Like most attorneys in private practice, Richard Ross maintained a trust account to hold client funds for legal transactions such as real estate purchases and settlements. After Ross, 65, became a victim of fraud by a person posing as a client whose settlement funds were transferred into Ross’s trust account, the government suspected that some of the money in the account was related to a crime. But rather than seizing only that specific amount, the government seized the entire account even though it knew there was over $1.2 million in unrelated additional funds.
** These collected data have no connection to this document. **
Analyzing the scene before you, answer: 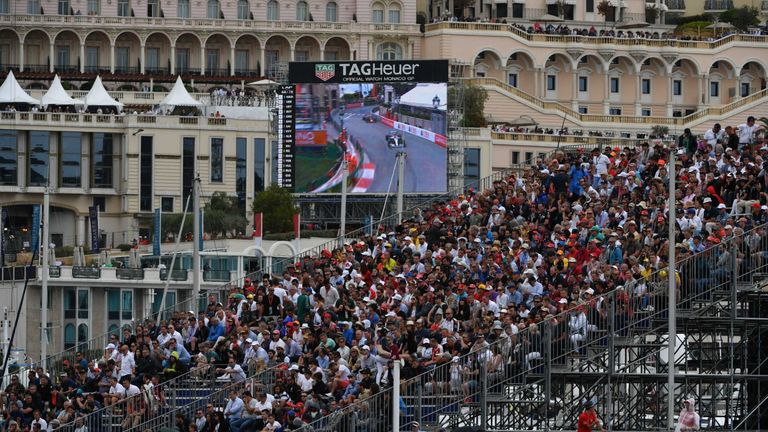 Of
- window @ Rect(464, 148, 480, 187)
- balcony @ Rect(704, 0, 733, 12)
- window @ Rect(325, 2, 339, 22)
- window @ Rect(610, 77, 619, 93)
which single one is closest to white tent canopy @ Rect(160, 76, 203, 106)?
window @ Rect(464, 148, 480, 187)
Although the government never accused Ross of any wrongdoing, it nevertheless argued that all funds in the account were forfeitable, even though the government’s own policy warned against seizing third party funds from trust accounts. Ross filed a claim and litigated in court for recovery of the unrelated funds. More than a year later and after Ross had spent over $100,000 in attorney fees, the government eventually agreed to return the seized funds, but because the government dismissed its case prior to the trial court’s ruling, the government asserted that Ross did not substantially prevail in his claim so as to entitle him for recovery of his attorney fees. The trial court agreed with the government, effectively allowing it to circumvent CAFRA. Ross then appealed to the Second Circuit. In the amicus brief, Rutherford and Buckeye warn that not requiring the payment of Ross’s attorney fees sets out a roadmap for the government to evade the consequences imposed by CAFRA.

Joel S. Nolette of Wiley Rein LLP advanced the arguments in the amicus brief in United States v. Ross.

The Rutherford Institute, a nonprofit civil liberties organization, provides legal assistance at no charge to individuals whose constitutional rights have been threatened or violated, and educates the public on a wide spectrum of issues affecting their freedoms.